Respondent had only recently moved into her two-bedroom apartment. Although she claims there was no support for the finding that she did not have provisions for the child, the record shows that respondent admitted that she did not yet have a crib for him. See, generally, In re Powers, 244 Mich App at 119. In her oral findings, the referee found that while respondent's housing was stable "today," there was no reason to believe it would remain stable unless the child was placed in the home. In her written findings, the referee acknowledged that respondent resided in Section 8 housing but did not have provisions for her son and had no ability to pay the rent unless the child was placed with her. While the language used may have been imprecise, any error in the wording of the findings by the referee was harmless because the evidence clearly established that respondent did not maintain stable and appropriate housing for a demonstrable period so as to demonstrate her ability to care for the child.

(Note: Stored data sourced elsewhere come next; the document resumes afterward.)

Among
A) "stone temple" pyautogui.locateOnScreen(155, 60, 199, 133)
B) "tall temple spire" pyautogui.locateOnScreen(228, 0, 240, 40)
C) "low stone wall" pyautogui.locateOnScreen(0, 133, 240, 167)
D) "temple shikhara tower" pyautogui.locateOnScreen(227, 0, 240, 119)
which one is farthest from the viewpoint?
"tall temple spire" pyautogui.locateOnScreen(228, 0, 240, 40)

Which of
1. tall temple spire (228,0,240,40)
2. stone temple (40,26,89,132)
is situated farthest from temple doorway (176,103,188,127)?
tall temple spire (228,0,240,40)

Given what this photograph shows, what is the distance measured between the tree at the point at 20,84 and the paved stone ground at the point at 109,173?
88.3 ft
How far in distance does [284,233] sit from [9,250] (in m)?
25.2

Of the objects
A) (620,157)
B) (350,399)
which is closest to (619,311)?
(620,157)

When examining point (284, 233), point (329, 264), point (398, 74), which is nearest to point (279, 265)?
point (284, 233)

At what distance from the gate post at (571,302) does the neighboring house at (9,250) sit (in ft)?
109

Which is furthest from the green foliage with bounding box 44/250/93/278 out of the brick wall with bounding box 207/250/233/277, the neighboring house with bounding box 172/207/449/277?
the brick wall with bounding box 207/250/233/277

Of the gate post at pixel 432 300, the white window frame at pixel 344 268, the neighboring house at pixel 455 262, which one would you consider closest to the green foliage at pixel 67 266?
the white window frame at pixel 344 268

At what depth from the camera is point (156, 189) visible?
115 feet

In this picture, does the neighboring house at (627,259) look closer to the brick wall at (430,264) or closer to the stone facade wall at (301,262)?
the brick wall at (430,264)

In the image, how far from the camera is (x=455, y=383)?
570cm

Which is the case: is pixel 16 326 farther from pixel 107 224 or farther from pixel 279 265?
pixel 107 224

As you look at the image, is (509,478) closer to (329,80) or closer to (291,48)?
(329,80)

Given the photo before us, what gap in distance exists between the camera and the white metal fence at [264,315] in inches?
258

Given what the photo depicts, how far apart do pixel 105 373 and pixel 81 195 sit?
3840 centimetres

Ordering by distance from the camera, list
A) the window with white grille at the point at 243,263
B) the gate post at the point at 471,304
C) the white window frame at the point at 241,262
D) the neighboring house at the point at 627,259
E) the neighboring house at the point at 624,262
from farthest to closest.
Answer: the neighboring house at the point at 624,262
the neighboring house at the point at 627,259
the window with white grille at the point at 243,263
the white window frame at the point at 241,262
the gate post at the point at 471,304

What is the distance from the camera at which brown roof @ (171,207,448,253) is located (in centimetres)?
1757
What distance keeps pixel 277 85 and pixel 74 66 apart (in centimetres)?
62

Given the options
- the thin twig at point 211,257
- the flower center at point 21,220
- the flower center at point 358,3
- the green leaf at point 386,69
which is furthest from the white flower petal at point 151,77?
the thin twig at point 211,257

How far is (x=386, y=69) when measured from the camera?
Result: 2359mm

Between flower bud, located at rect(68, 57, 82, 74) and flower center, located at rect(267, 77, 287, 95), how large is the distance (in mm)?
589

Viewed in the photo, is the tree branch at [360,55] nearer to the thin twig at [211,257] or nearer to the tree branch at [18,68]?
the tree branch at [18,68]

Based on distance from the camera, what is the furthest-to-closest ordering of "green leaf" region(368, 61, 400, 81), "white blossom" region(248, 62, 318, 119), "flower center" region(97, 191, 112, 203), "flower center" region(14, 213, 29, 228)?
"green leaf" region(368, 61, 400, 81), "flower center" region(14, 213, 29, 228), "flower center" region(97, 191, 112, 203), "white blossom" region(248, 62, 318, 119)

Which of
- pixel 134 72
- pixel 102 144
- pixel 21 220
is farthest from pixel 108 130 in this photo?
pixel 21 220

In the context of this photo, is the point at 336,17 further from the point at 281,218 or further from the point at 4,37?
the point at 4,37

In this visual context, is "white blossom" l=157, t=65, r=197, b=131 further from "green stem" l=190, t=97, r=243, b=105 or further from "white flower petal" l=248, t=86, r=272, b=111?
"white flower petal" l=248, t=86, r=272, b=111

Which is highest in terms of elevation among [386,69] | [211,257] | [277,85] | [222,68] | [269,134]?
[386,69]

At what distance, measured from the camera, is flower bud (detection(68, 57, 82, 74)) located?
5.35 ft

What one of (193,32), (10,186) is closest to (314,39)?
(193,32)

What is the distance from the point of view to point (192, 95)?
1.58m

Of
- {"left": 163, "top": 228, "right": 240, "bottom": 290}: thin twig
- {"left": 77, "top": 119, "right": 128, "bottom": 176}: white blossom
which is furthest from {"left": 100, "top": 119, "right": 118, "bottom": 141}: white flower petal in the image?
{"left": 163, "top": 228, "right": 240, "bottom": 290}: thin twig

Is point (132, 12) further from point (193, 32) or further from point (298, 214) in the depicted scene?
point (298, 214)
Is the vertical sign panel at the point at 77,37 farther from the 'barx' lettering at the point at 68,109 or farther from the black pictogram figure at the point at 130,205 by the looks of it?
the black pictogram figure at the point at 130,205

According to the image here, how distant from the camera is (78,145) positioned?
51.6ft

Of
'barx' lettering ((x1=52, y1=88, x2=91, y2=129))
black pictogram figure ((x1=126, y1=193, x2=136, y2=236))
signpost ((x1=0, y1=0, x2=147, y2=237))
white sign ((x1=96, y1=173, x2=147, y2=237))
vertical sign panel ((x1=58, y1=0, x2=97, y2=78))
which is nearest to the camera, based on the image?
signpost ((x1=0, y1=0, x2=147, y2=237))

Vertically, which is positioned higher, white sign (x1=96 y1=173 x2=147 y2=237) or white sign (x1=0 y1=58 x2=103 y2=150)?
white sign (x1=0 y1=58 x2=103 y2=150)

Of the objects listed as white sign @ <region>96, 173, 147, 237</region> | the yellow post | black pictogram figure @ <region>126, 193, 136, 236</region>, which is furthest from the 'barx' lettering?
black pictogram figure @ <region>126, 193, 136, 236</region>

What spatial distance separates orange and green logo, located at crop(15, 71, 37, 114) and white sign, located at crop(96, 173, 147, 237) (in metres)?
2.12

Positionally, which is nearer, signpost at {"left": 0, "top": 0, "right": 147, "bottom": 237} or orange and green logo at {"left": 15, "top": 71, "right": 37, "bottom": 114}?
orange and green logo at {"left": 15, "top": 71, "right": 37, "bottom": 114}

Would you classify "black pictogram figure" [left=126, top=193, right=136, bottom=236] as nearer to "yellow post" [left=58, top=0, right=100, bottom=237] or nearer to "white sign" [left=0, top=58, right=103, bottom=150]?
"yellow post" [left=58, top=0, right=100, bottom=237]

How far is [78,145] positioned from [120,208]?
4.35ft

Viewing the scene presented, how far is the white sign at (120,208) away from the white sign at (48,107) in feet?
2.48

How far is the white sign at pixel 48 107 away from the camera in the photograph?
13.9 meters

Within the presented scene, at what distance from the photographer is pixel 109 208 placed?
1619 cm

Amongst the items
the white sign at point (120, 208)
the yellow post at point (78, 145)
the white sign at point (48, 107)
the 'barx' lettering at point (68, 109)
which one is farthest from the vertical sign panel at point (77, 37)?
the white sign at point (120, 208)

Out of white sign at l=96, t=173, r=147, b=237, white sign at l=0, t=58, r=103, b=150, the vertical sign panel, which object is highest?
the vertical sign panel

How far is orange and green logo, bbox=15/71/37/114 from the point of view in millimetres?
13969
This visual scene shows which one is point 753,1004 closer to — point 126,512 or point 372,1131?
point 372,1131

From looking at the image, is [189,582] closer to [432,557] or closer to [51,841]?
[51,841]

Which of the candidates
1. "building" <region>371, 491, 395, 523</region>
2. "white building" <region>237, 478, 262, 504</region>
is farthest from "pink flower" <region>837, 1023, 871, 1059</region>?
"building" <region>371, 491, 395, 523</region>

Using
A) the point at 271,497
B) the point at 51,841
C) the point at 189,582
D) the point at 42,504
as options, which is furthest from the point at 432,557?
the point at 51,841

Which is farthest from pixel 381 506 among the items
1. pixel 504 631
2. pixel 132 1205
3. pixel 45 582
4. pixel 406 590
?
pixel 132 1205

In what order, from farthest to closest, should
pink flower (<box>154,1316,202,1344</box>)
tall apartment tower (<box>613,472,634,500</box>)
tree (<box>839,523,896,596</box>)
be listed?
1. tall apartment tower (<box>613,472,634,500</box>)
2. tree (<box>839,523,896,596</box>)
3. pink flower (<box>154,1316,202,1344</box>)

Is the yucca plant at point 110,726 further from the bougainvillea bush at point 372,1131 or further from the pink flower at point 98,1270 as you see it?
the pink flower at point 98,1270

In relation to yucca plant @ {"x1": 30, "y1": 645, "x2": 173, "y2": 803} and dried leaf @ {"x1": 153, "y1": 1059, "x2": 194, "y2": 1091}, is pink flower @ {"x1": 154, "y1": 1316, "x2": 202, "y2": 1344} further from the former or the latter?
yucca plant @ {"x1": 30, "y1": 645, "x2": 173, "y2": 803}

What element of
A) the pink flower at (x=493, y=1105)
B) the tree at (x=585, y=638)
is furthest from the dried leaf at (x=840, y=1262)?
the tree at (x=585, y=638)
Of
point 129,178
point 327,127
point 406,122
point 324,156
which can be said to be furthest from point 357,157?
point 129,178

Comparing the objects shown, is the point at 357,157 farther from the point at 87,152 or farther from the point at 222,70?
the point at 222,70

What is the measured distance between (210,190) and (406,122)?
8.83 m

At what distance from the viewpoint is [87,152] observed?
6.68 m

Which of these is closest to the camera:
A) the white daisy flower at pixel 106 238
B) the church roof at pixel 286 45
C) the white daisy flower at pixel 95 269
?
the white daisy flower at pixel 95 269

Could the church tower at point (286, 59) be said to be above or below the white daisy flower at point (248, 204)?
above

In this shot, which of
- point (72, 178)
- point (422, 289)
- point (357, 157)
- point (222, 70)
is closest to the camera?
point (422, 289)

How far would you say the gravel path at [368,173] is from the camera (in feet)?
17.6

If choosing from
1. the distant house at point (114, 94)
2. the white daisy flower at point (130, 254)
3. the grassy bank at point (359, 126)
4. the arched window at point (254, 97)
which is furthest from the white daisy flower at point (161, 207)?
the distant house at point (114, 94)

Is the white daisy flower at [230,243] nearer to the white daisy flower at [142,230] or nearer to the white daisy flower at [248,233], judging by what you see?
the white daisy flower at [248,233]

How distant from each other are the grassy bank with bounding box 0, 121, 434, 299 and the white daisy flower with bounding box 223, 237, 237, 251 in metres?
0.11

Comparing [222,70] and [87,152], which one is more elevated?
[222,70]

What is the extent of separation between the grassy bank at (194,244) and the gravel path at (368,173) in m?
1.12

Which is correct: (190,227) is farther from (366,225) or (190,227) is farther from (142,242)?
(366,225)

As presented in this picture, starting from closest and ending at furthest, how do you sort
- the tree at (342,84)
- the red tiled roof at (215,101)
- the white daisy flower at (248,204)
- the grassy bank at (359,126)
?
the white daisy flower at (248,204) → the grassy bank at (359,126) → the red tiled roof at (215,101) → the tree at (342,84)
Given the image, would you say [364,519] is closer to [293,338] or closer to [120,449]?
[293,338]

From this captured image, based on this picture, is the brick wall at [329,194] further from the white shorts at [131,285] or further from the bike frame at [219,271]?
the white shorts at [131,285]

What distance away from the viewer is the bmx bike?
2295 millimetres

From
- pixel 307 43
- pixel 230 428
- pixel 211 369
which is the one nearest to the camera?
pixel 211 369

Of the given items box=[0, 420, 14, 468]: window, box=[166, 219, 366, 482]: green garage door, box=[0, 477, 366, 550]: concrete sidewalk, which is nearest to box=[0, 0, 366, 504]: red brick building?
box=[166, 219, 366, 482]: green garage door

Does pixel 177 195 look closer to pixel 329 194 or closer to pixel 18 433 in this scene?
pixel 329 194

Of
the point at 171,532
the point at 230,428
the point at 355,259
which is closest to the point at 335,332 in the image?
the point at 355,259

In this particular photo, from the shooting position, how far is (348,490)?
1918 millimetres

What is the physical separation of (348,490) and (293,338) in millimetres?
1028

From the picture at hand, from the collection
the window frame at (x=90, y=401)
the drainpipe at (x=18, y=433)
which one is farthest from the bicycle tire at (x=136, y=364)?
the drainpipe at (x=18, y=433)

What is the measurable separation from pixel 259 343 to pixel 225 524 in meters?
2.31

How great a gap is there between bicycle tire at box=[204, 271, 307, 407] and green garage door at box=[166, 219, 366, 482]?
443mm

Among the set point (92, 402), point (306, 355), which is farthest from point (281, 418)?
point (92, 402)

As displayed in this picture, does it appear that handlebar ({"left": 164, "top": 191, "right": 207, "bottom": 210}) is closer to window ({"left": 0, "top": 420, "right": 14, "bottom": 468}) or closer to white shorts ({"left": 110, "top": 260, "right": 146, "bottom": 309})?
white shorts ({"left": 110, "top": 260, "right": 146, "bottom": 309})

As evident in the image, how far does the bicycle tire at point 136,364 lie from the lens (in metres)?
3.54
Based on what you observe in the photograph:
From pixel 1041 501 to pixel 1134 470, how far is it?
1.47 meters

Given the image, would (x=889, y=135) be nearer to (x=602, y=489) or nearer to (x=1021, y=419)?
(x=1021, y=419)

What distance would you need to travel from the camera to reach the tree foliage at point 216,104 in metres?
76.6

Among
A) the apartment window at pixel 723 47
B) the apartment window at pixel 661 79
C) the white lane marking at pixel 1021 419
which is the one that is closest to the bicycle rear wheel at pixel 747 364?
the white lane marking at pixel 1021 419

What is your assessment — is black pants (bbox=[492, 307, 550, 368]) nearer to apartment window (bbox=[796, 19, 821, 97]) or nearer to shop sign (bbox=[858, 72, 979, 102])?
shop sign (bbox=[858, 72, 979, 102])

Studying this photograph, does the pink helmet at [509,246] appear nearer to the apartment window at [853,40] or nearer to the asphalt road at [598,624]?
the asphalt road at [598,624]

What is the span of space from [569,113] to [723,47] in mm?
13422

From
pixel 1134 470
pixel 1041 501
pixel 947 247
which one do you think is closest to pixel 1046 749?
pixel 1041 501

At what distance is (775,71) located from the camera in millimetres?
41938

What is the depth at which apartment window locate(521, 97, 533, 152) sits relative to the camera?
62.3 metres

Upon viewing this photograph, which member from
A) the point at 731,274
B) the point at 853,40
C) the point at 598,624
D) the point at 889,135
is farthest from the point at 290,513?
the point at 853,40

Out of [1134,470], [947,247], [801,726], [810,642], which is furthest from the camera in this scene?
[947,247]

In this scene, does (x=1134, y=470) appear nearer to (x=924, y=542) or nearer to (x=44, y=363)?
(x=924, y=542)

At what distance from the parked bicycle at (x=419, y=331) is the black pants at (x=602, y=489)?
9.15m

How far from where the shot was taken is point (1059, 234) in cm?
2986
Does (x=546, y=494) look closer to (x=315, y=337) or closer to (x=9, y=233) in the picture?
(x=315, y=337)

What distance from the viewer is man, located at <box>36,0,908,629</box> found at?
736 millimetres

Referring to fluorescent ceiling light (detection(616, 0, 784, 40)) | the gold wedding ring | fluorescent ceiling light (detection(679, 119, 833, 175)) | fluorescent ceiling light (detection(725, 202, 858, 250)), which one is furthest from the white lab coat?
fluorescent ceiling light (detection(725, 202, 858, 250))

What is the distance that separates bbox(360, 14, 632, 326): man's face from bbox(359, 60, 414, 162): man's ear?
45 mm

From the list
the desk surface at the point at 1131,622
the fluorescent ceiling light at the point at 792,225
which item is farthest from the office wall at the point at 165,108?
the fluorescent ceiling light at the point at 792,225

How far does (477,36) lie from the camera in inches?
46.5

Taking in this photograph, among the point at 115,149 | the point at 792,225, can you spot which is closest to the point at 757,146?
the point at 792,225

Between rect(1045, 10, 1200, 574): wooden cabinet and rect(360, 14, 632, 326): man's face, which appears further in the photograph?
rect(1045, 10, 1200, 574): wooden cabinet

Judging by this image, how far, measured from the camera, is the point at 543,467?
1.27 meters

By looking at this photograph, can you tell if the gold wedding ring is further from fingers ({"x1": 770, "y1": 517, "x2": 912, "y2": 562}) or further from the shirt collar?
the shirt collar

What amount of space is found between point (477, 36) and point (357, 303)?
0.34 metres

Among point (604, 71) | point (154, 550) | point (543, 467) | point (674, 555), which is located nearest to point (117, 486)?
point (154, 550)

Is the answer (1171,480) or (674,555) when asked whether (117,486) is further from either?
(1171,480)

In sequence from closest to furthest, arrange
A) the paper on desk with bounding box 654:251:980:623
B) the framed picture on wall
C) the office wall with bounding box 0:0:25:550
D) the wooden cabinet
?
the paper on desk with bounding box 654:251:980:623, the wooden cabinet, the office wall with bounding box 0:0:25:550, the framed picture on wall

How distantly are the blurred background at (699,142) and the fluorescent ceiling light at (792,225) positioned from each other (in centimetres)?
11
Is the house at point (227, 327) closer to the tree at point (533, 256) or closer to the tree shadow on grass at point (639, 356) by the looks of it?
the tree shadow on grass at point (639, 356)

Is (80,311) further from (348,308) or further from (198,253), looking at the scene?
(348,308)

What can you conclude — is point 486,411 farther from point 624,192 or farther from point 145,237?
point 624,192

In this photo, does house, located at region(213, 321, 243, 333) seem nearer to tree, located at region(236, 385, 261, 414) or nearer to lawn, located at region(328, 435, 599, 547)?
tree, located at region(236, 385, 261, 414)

Respondent also takes issue, very briefly, with the written finding that respondent "continues to blame others, the system[, and] the court for her loss of children . . . ." We note, initially, that there is some support for this finding in that respondent attempted at the termination hearing to minimize the reason for her older child's removal. At any rate, the gist of the finding is the lack of responsibility placed on herself by respondent; for example, respondent answered "no" when asked if she had a problem with alcohol, when the evidence demonstrated that she did in fact have a very significant problem with alcohol. We find no basis for reversal with regard to this statement in the findings of fact, especially because the pertinent findings for termination were, as noted, supported by clear and convincing evidence.
Termination of respondent's parental rights was also in the child's best interests. The child was doing well in his placement with his paternal grandmother, whom he referred to as "mom." The grandmother wanted "to be able to plan long term for him . . . ." Although there was evidence of a bond between respondent and the child, this bond was not more important than the child's need for a safe, stable home, and his caregiver could provide an appropriate home environment. Respondent used drugs and alcohol, had untreated mental health issues, and could not maintain employment. It was not in the child's best interests to be placed with respondent because her issues would interfere with her ability to properly care for him.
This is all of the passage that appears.